简体   繁体   中英

How to get “valid data length” of a file?

There is a function to set the "valid data length" value: SetFileValidData , but I didn't find a way to get the "valid data length" value.

I want to know about given file if the EOF is different from the VDL, because writing after the VDL in case of VDL<EOF will cause a performance penalty as described here .

I found this page, claims that:

there is no mechanism to query the value of the VDL

So the answer is "you can't".

If you care about performance you can set the VDL to the EOF, but then note that you may allow access old garbage on your disk - the part between those two pointers, that supposed to be zeros if you would access that file without setting the VDL to point the EOF.

I think you are confused as to what "valid data length" actually means . Check this answer .

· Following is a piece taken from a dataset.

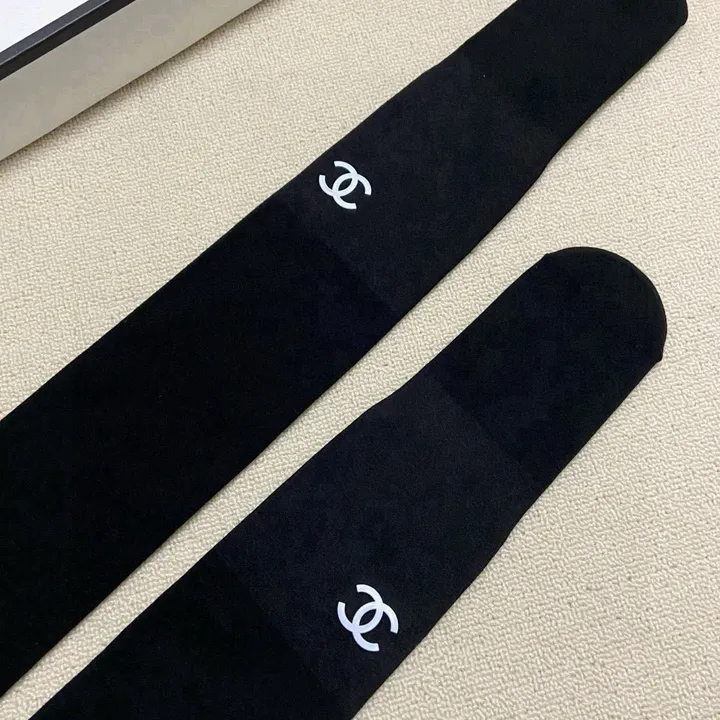 スーパーコピー シャネル 靴下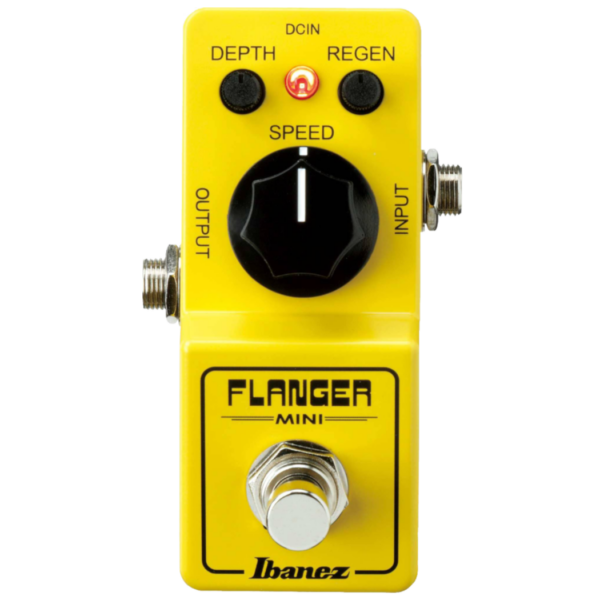 Ibanez Flanger Mini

Basically, while SetEndOfFile lets you increase the length of a file quickly, and allocates the disk space, if you skip to the (new) end-of-file to write there, all the additionally allocated disk space would need to be overwritten with zeroes, which is kind of slow.

SetFileValidData lets you skip that zeroing-out. You're telling the system, "I am OK with whatever is in those disk blocks, get on with it". (This is why you need the SE_MANAGE_VOLUME_NAME priviledge, as it could reveal priviledged data to unpriviledged users if you don't overwrite the data. Users with this priviledge can access the raw drive data anyway.)

In either case, you have set the new effective size of the file. (Which you can read back.) What, exactly, should a seperate "read file valid data" report back? SetFileValidData told the system that whatever is in those disk blocks is "valid"...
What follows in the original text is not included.